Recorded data
↓
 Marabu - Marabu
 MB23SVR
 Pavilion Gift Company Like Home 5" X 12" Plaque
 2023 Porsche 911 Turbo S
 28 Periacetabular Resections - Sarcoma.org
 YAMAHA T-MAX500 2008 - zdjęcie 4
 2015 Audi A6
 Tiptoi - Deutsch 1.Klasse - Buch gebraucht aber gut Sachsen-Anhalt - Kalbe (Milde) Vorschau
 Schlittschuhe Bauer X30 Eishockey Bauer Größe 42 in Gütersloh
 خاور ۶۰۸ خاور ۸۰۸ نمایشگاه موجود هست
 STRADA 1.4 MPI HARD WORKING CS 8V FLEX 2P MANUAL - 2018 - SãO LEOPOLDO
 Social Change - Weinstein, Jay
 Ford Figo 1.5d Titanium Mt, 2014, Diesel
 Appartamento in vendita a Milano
↑
TASK INSTRUCTIONS
The answer must be the line containing "Social Change - Weinstein, Jay" and every line after it to the end of the data, exactly as written.

SOLUTION FOR THIS TASK
 Social Change - Weinstein, Jay
 Ford Figo 1.5d Titanium Mt, 2014, Diesel
 Appartamento in vendita a Milano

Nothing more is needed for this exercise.